How to implement a single byte based string?
Application uses a large list of words.
Words come from SQL and is varchar (single byte).
Each word also has in Int32 ID.
Download the words to:
Dictionionary<Int32,string>
for performance.
Problem is the Dictionary gets so large that will get an out of memory exception.
We end up splitting up the data.
The app hits the list so much that hitting SQL for each request is not an option.
The database is already very active.
Dynamically paging into and out of the Dictionary is not an option - it is bound to ListView and with virtualiztion works great.
Words are only loaded at night - the user just needs a static list.
They use the words to search and process other data but they don't process the words.
Since it is char thought could just implement a single byte based word:
public class StringByte1252 : Object, IComparable, IComparable<StringByte1252>
{
static Encoding win1252 = Encoding.GetEncoding("Windows-1252");
public Int32 ID { get; private set; }
public byte[] Bytes { get; private set; }
public string Value { get { return win1252.GetString(Bytes); } }
public Int32 Length { get { return Bytes.Length; } }
public int CompareTo(object obj)
{
if (obj == null)
{
return 1;
}
StringByte1252 other = obj as StringByte1252;
if (other == null)
{
throw new ArgumentException("A StringByte1252 object is required for comparison.", "obj");
}
return this.CompareTo(other);
}
public int CompareTo(StringByte1252 other)
{
if (object.ReferenceEquals(other, null))
{
return 1;
}
return string.Compare(this.Value, other.Value, StringComparison.OrdinalIgnoreCase);
}
public override bool Equals(Object obj)
{
//Check for null and compare run-time types.
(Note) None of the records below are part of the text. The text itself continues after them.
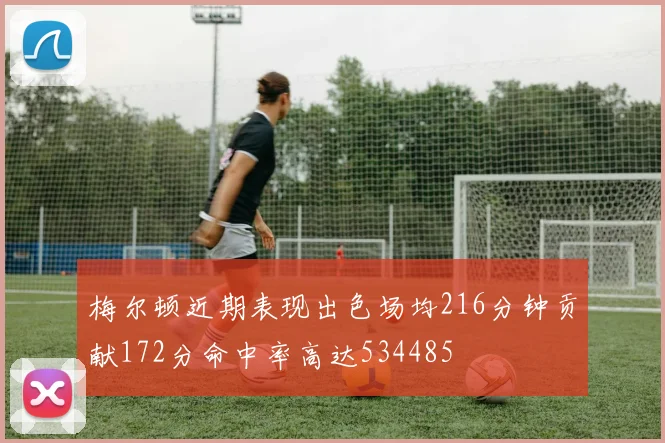 梅尔顿近期表现出色场均216分钟贡献172分命中率高达534485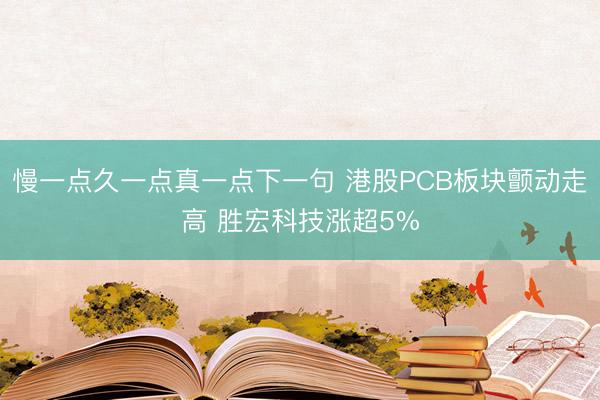 慢一点久一点真一点下一句 港股PCB板块颤动走高 胜宏科技涨超5%
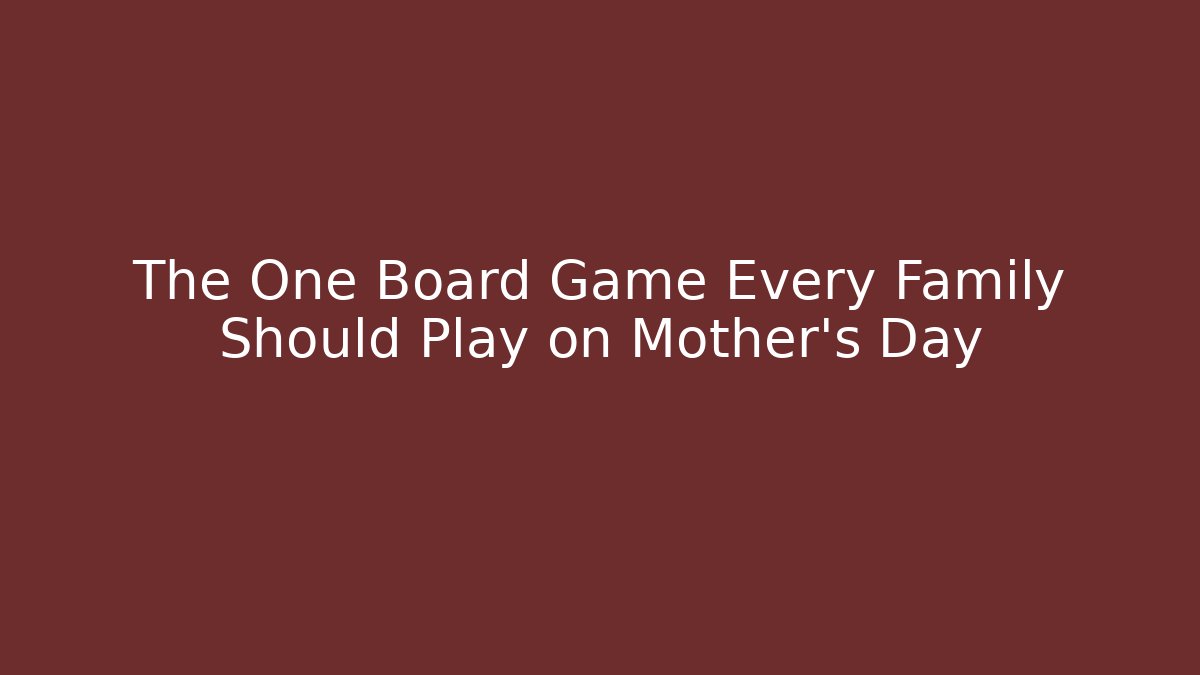 The One Board Game Every Family Should Play on Mother's Day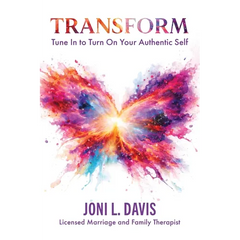 Transform: Tune In to Turn On Your Authentic Self
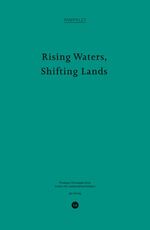 ISBN 9783856763138: Rising Waters, Shifting Lands / Pamphlet 16, Publikationsreihe des Instituts für Landschaftsarchitektur ILA, ETH Zürich / Christophe Girot / Taschenbuch / 80 S. / Englisch / 2012 / gta Verlag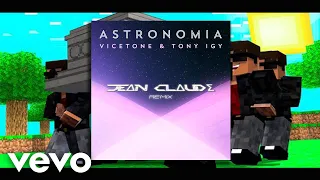 Jean Claude - Astronomia Remix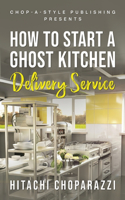 How To Start a Ghost Kitchen Delivery Service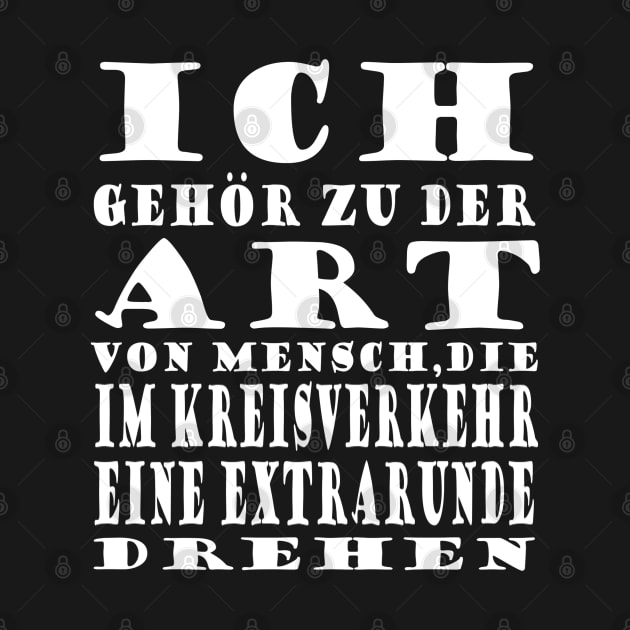 Kreisverkehr Autofahren Fahrschule lustig Spruch by FindYourFavouriteDesign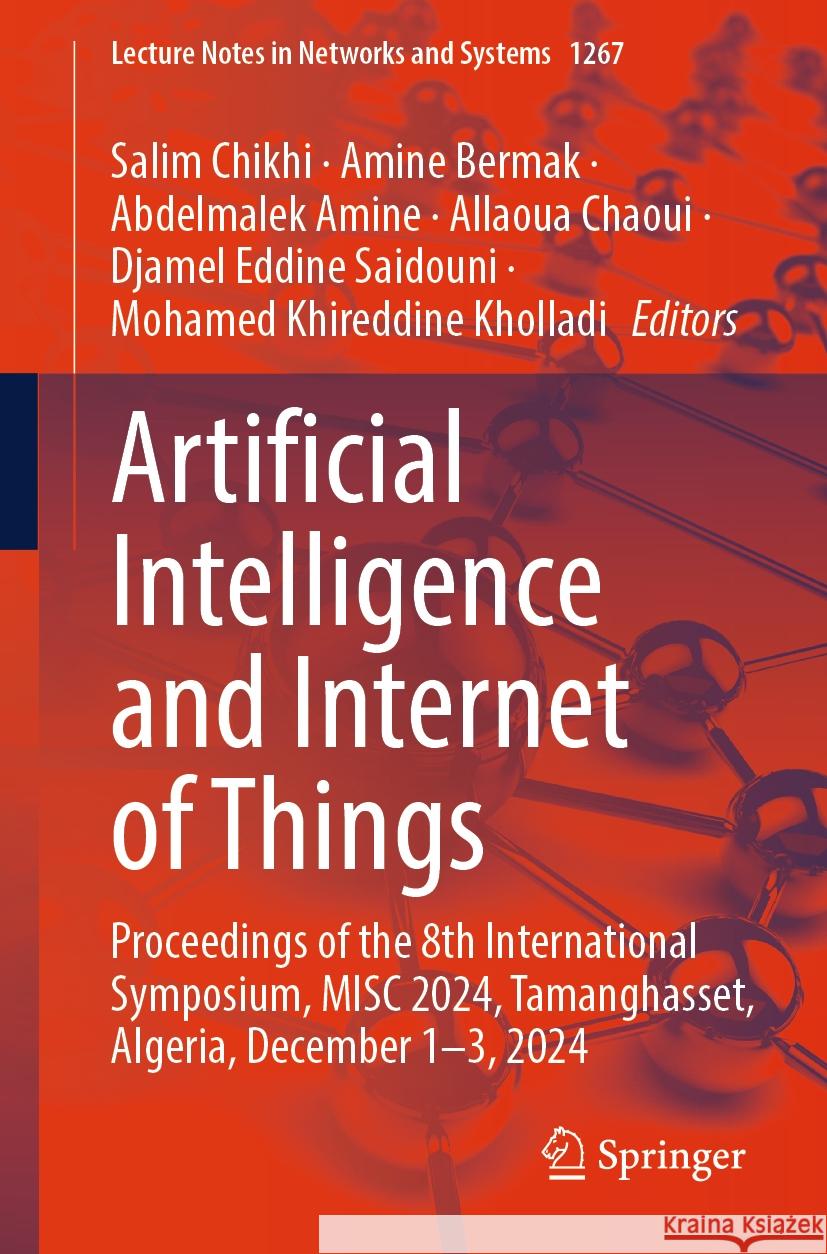 Artificial Intelligence and Internet of Things: Proceedings of the 8th International Symposium, MISC 2024, Tamanghasset, Algeria, December 1-3, 2024 Salim Chikhi, Amine Bermak, Abdelmalek Amine 9783031821110 Springer International Publishing AG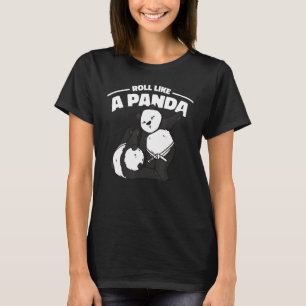 Roll Like A Panda Cute Grappling Jiu Jitsu Panda T-Shirt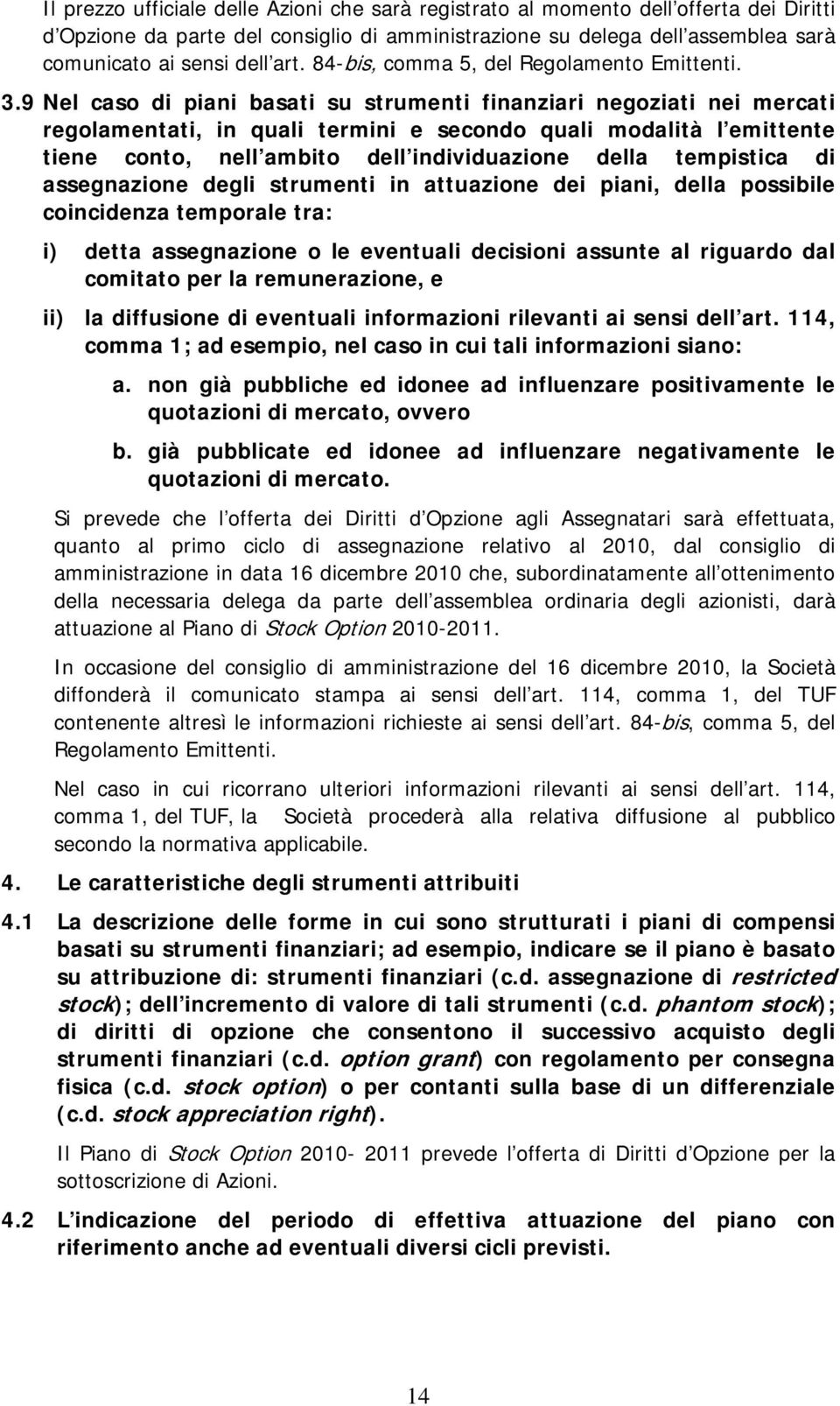 9 Nel caso di piani basati su strumenti finanziari negoziati nei mercati regolamentati, in quali termini e secondo quali modalità l emittente tiene conto, nell ambito dell individuazione della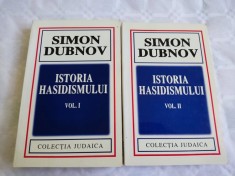 SIMON DUBNOV - ISTORIA HASIDISMULUI - 2 VOL. (HASIDISM, EVREI, IUDAISM EVREILOR)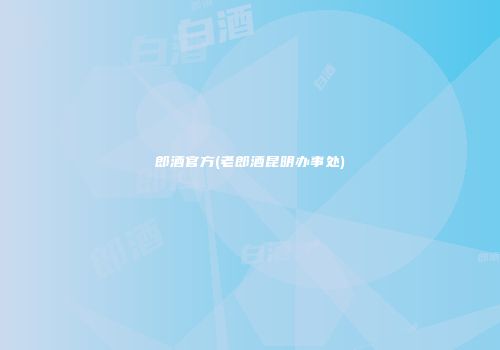 郎酒官方(老郎酒昆明办事处)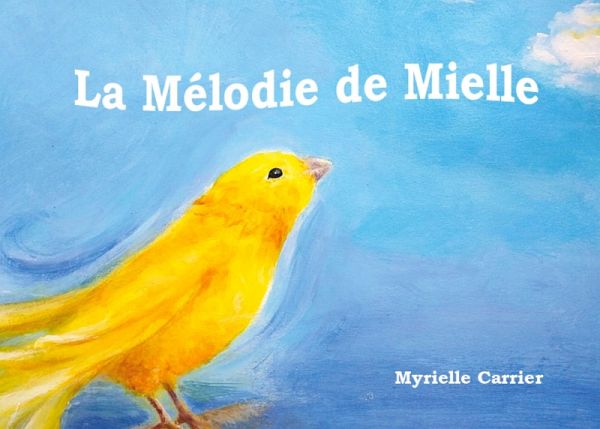 La Mélodie de Mielle La Mélodie de Mielle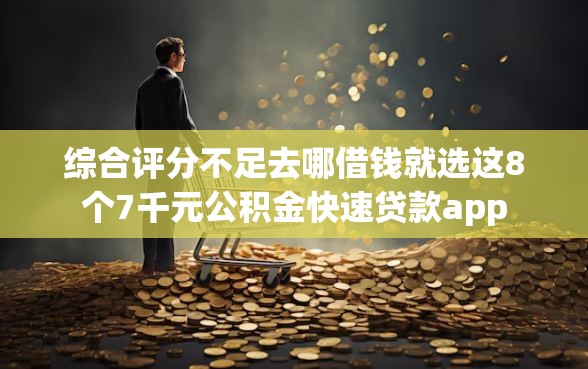综合评分不足去哪借钱就选这8个7千元公积金快速贷款app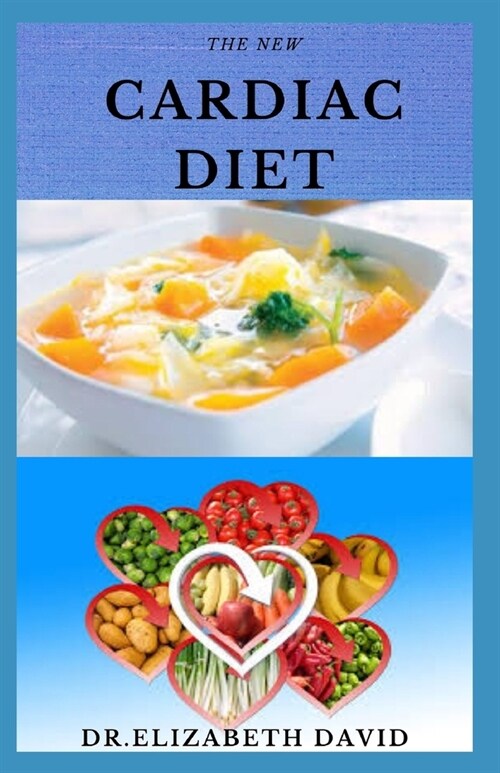 The New Cardiac Diet: Dietary Advice On Managing Heart Health With Delicious Recipes and a Meal Plan (Paperback)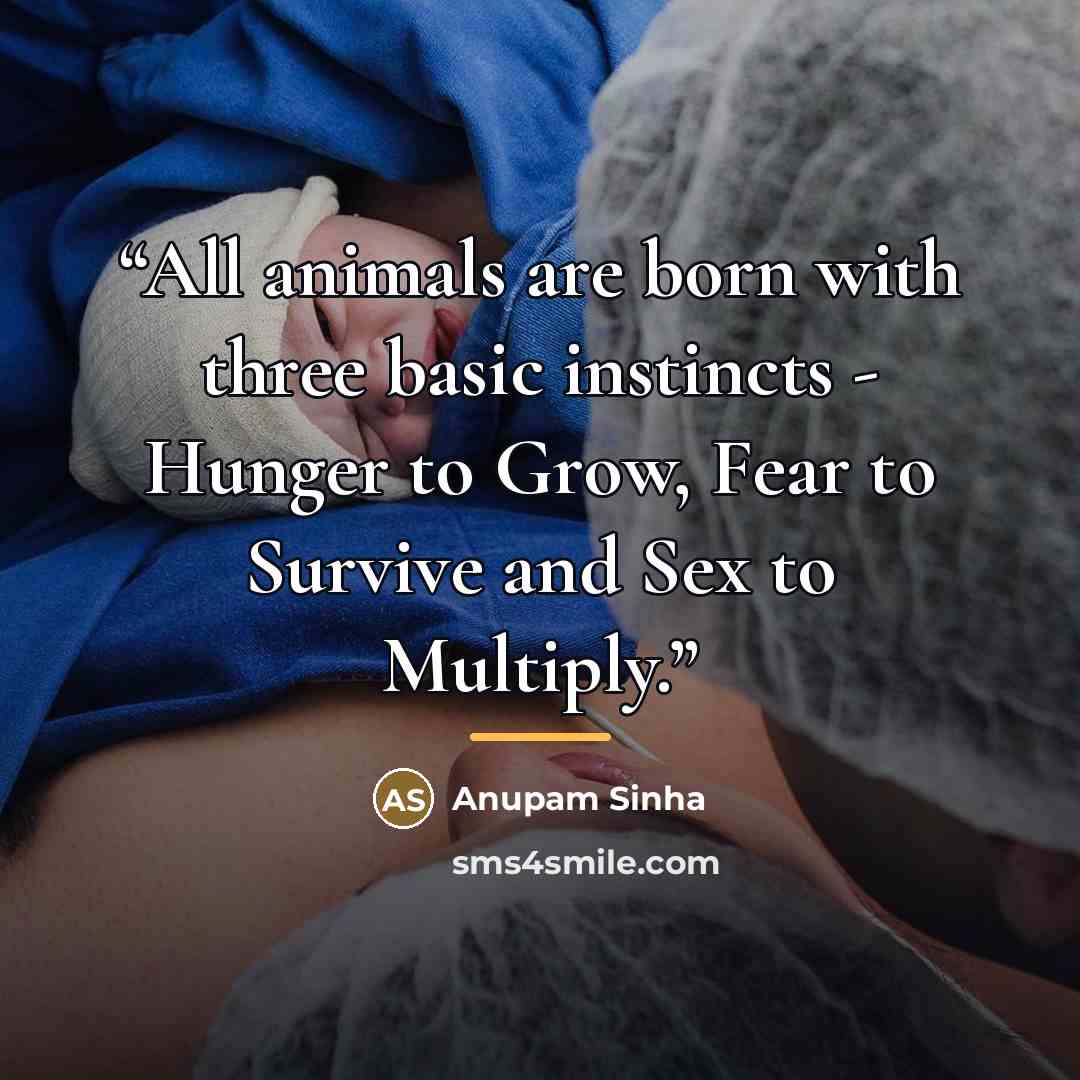 “All animals are born with three basic instincts - Hunger to Grow, Fear to Survive and Sex to Multiply.” quote by Anupam Sinha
if (obj == null || !(obj is StringByte1252)) return false;
StringByte1252 item = (StringByte1252)obj;
return (this.Bytes == item.Bytes);
}
public override int GetHashCode() { return ID; }
public StringByte1252(Int32 id, byte[] bytes) { ID = id; Bytes = bytes; }
}
This above works but it is NOT more memory efficient than
Dictionionary<Int32,string>
Dictionary with Int16 based characters actually uses slightly less memory.
Where did I go wrong?
Does a byte array take more space than the sum of the bytes?
Is there a way to achieve single byte string?